What you need to do is to write your own programs (in whatever languages you are comfortable with) to simulate http queries as what the programs of number 1 do, and then let your program calls the related the programs of number 2.

For example, check the source html code of geneCompareTwo1.php and fill what it does (needs) into your own local program and, after that, let your programs send a http query (as we click the mouse when we load the number 1 program, a form action) which can trigger geneCompareTwo2.php. The results from geneCompareTwo2.php will be sent back to you via http. Your local programs then need to accept and parse the results from the program number 2. This is also the standard way of simulating http queries in batch mode.

The limitations of our multiple GO comparion and gene clustering programs

Every program has limitations, and our programs are not exceptions. We try to let our programs handle as many inputs as possible. However, because of the extensive and intensive usage of our tools, we have to balance the maximum number of queries and the maxumum of GO terms or gene symbols for each query.

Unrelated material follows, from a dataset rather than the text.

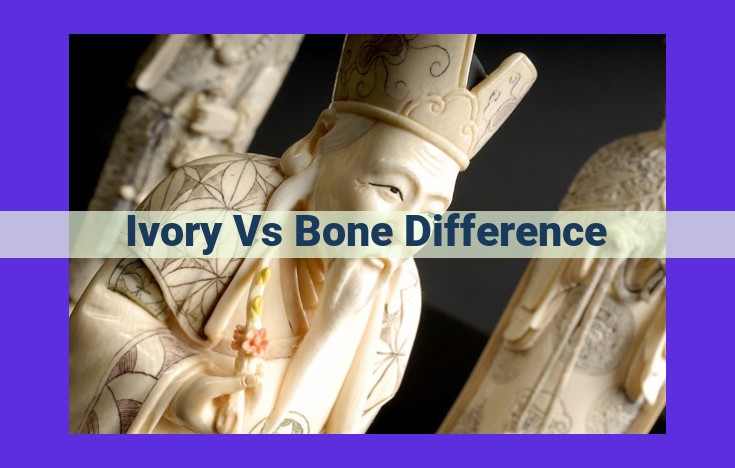 Ivory vs. Bone: Differences in Composition, Properties, and Ethical Implications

The maximum number of GO terms that multiple GO terms comparison tool is 4,000, and the maximum number of gene clustering tool is 5,000.

What do you need to do if you have huge amount of data which excede the limitations of our program?

If you have many GO terms or gene sysbols to analyze, there are two options. One, you write your own program and call our program in batch mode. Please refer to last section for how to call our public APIs. Two, you can run one of the multiple GO terms comparion or multiple gene clustering tools for multiple genes. However, due to the limitations of our programs, if your data excede the limitations, you have to use divide and conquer method to solve it.

For example, if you have 10,000 gene symbols while the limitation of our program is 5,000 a time, you can split your data, for example, 5,000 * 2. You have to run the programs 2*2=4 times to obtain the complete combinations of your data.

Do you have the source program to download locally?

No. Our paper has clearly presented the algorithm. It is also not easily to set up the whole environment. You can implement our algorithm in your own language. We believe it's eariler to run our online tool interactively or in batch mode.

How to query the species that are not listed on the web page?

The web page only contains limited number of ncbi_taxa_id while in data base there are tens of thousands species_id - ncbi_taxa_id. It's impossible to list all of them. We only use the same as what in gene ontology web page. If you want to explore more, you need first check the species table and find the related id and ncbi_taxa_id and use them into your own program to make a query.

More tools are under development. We promise to bring them online as soon as possible.